Alex Komoroske and I had a great generative conversation today and as usual, I have a new framing to write down.
We often look for a humble attitude toward new information in those who we collaborate with. It signals to us that they are willing to listen and shift their perspective, to see what we see — even if temporarily. We recognized that there might be two different kinds of this humility, seemingly stacked on top of another: the first order and the second order.
The first order of humility feels like this general sense of curiosity, a hunger for new information, excitement toward it. People with strong first-order humility are information sponges, asking more questions, pulling on threads, actively engaging in conversations, seeking insights and incorporating them into their understanding of the world. They have enough confidence in this understanding to the degree that they aren’t experiencing much angst in the presence of disconfirming evidence.
This confidence also conceals the limit of the first order of humility. Even though I might be eager to take your new idea for a spin, I only do so to enrich and reinforce my current understanding.
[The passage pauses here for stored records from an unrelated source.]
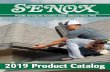 paint & metal selection - 2019 Product Catalog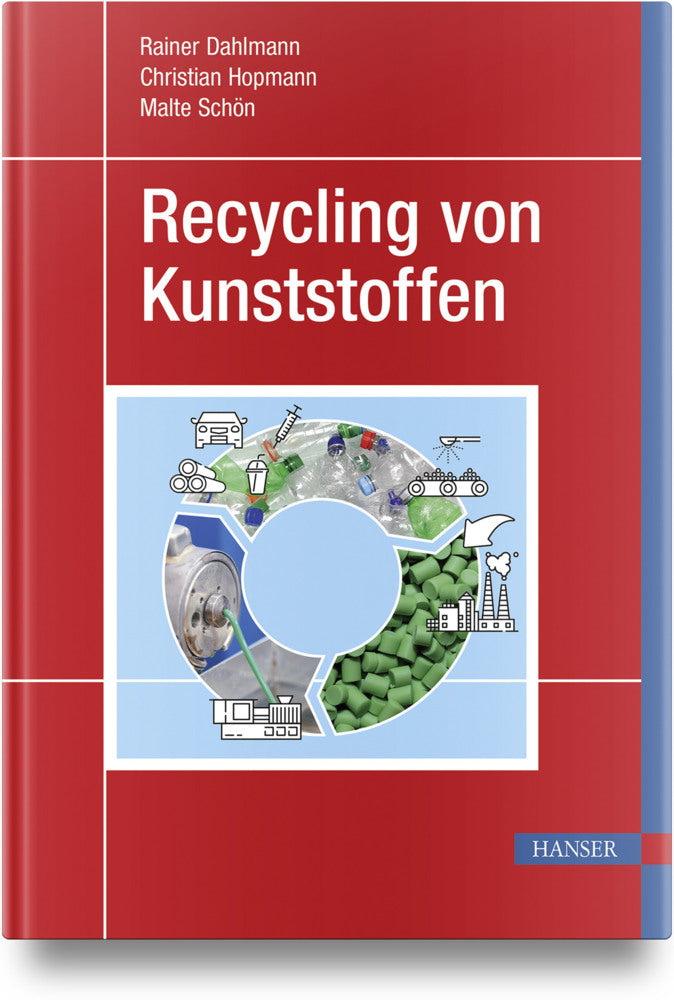 Recycling von Kunststoffen (Rainer Dahlmann)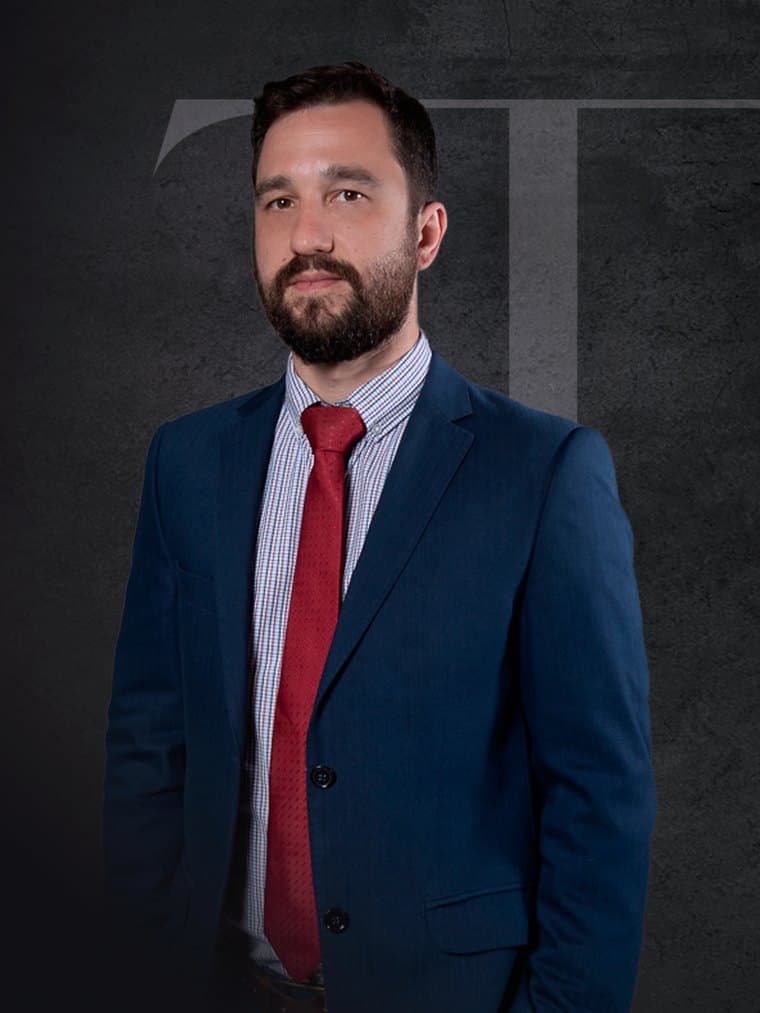 Retrato de Felipe Toscano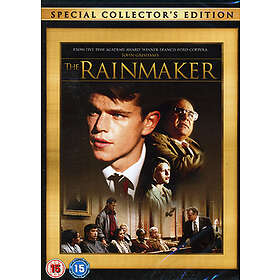 Rainmaker Regnmakaren The (ej svensk text) (DVD)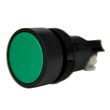 Кнопка XB2-EА131 d22мм зеленая цилиндр 1НО Энергия - Электрика, НВА - Устройства управления и сигнализации - Кнопки управления - Магазин электрооборудования Проф-Электрик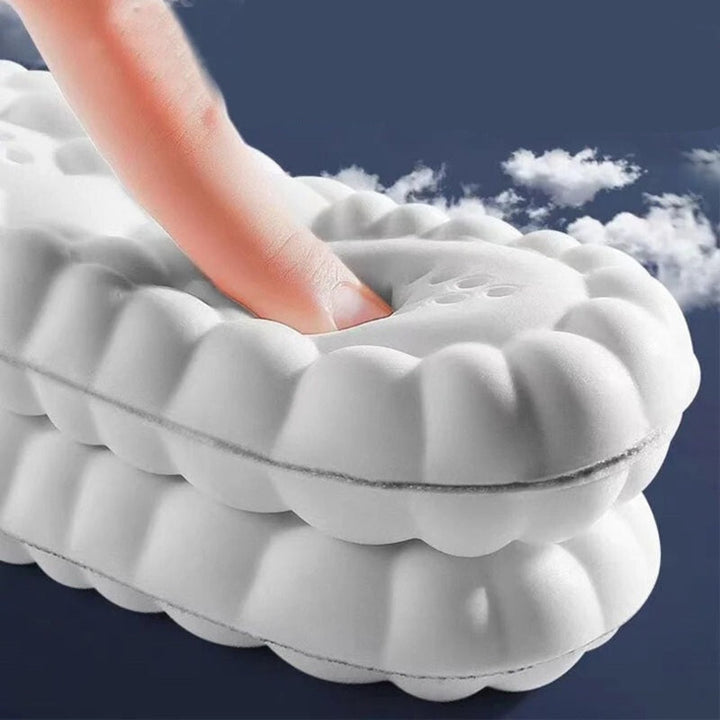 4D Orthopedic Insoles | Advanced Foot Support & Pressure Relief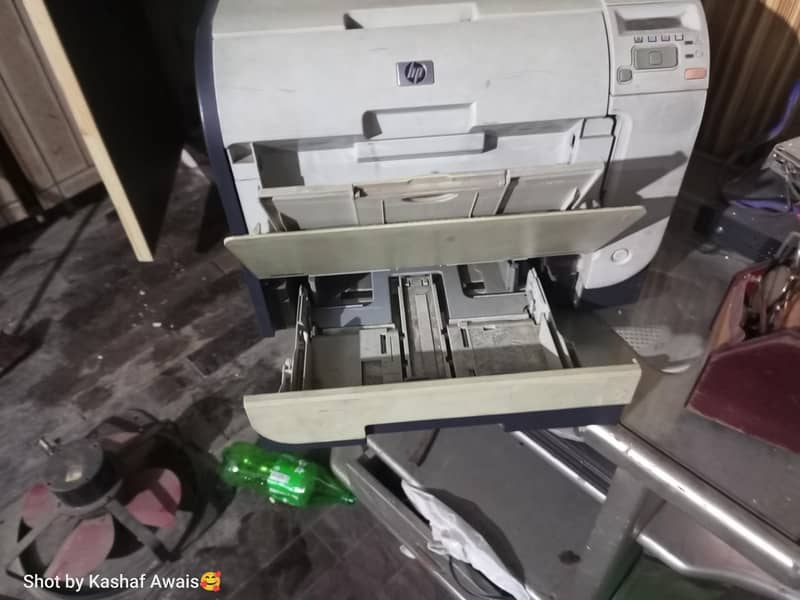 hp cooler printer 5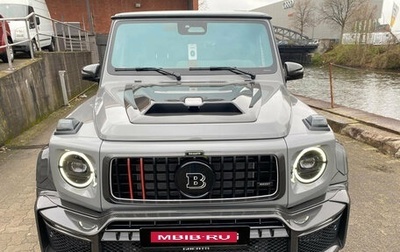 Mercedes-Benz G-Класс AMG, 2024 год, 100 000 000 рублей, 1 фотография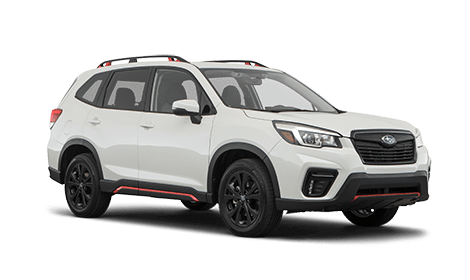 2019 Subaru Forester Sport Trim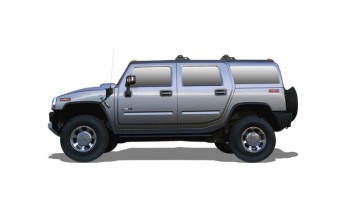 HUMMER HUMMER H2 5964CC 315HP (2002-09 - 2004-09)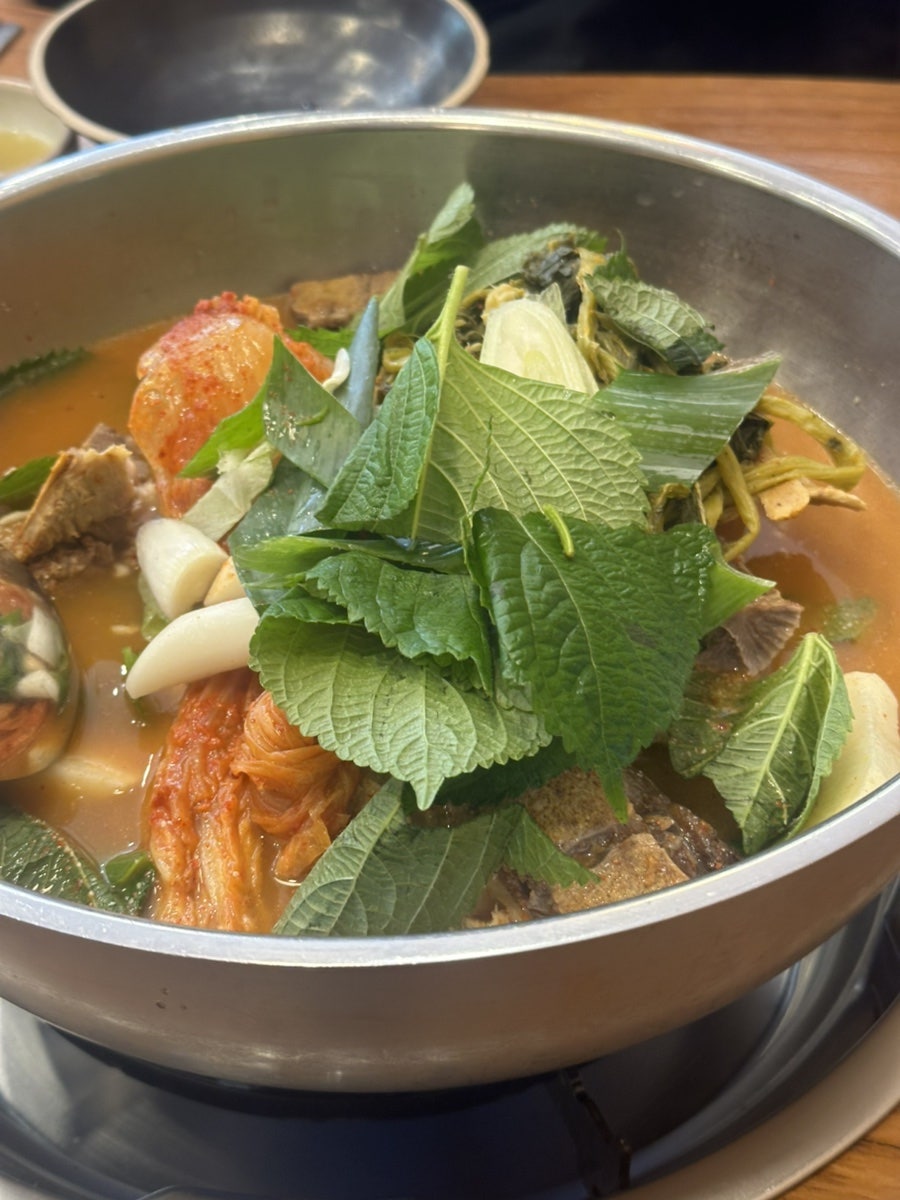 이바돔감자탕 효창점 사진 3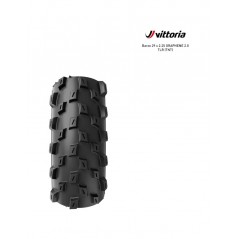 VITTORIA Tire for bicycle BARZO 29 X 2.25 8022530017411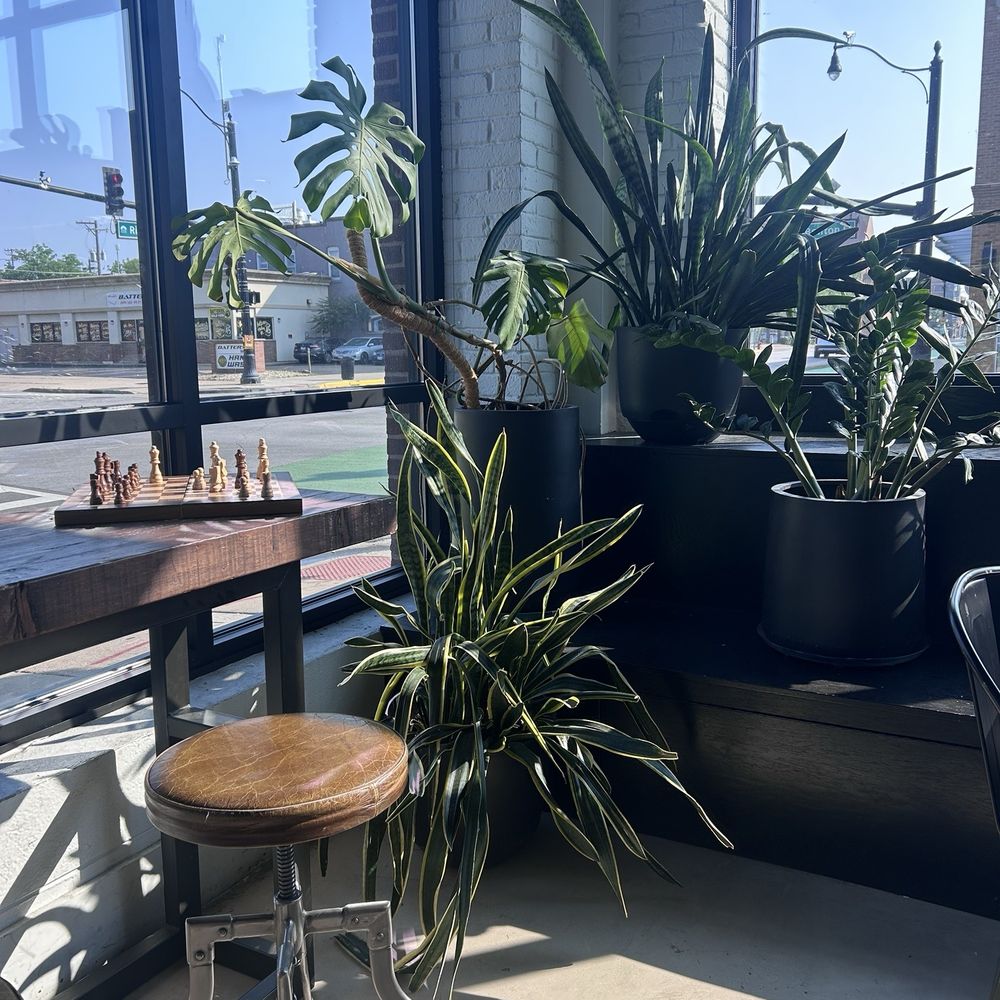 Society 57 - Coffee & Tea Near Me - Aurora, Illinois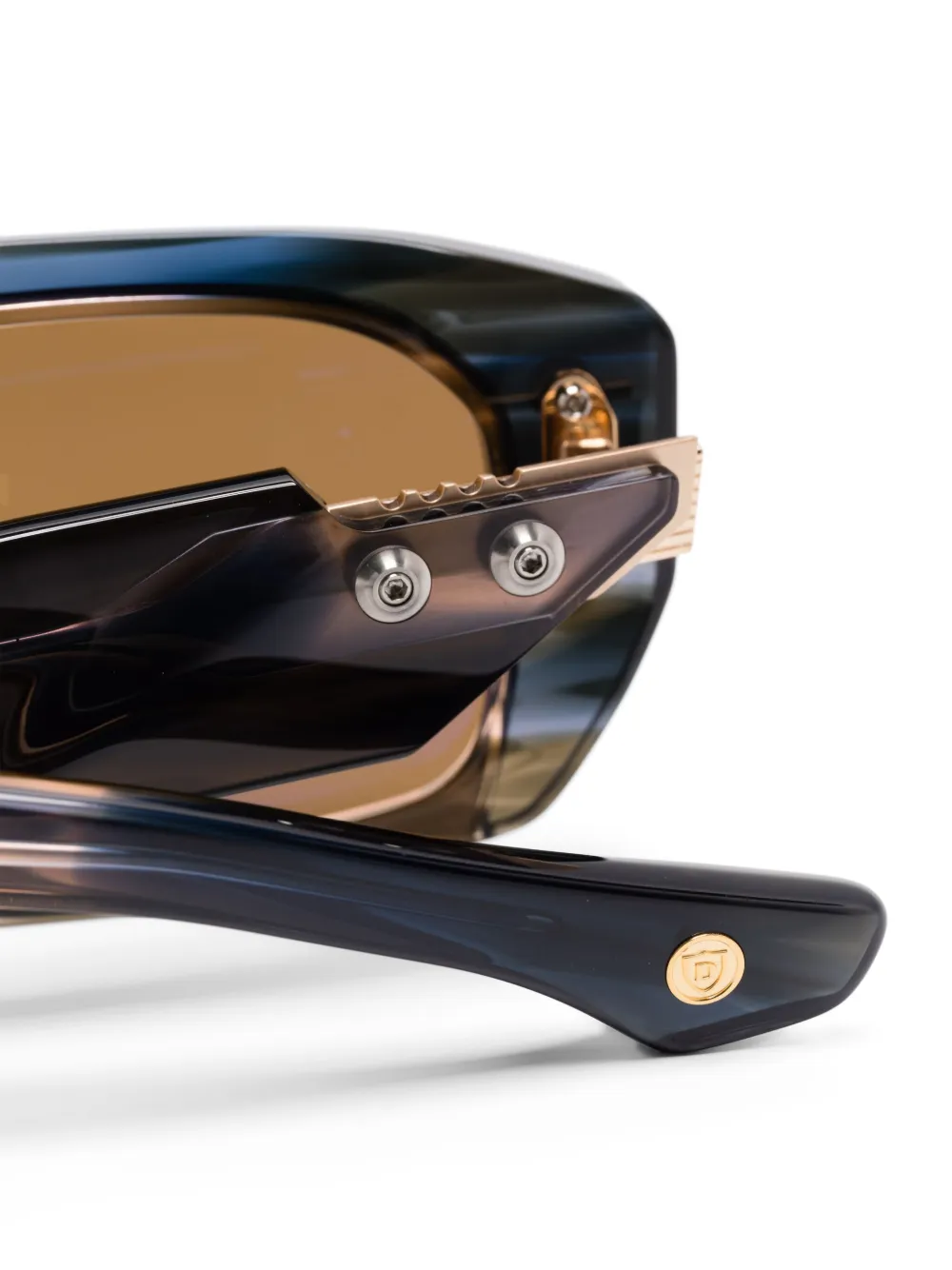 Dita Eyewear Hyper zonnebril Blauw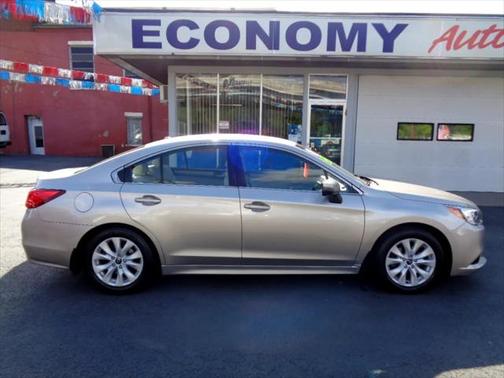 2015 Subaru Legacy Premium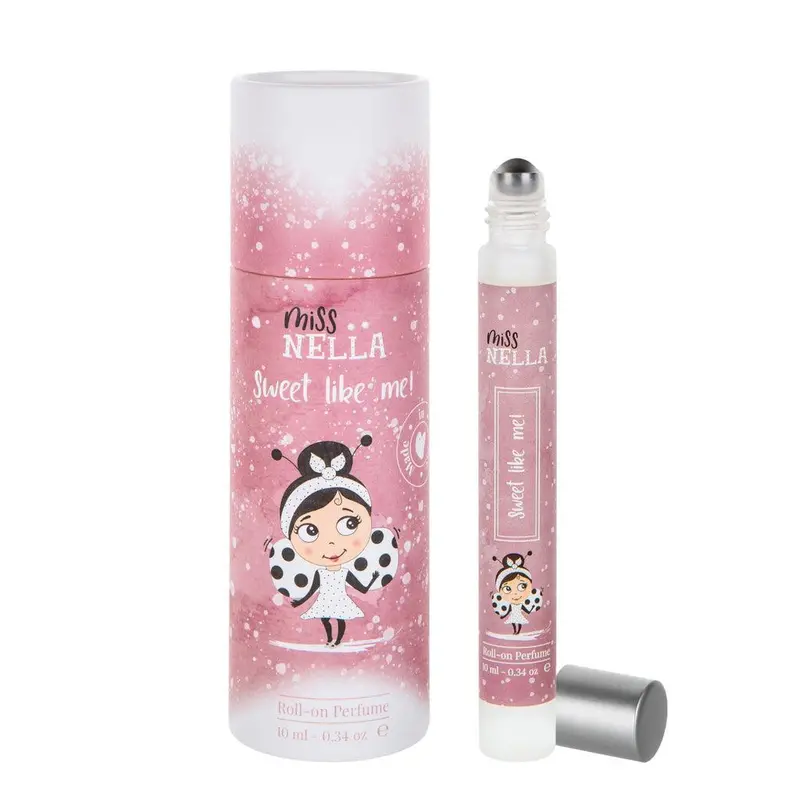 Miss Nella Sweet Like Me Roll-On Kids Perfume Oil 1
In this order of humility, my understanding of the world remains largely immovable, a vessel that I am happy to pile my new insights into, sorting useful ones into one pile, and the useless ones into another.
At the second order of humility, this illusion is shattered. Usually through lived experience, a person who acquired this kind of humility has watched that vessel turn into mush, or disappear, break down, and eventually emerge as something completely different — taking all those piled-on useless insights and Copernican-shifting them into a whole reality.
Lost is the confidence in the concreteness of the world, and with it, the ease of sorting insights into useful and useless. Disconfirming evidence is met with wonder and awe, as a possible precursor to another metamorphosis.
We also noticed that orders of humility seem to correlate with horizontal and vertical development framing. Both are representative of the acceptance and appreciation of development. The first order of humility seems to correspond to commitment to horizontal development (“learning makes you better”), and the second order of humility to vertical (“learning transforms who you are”).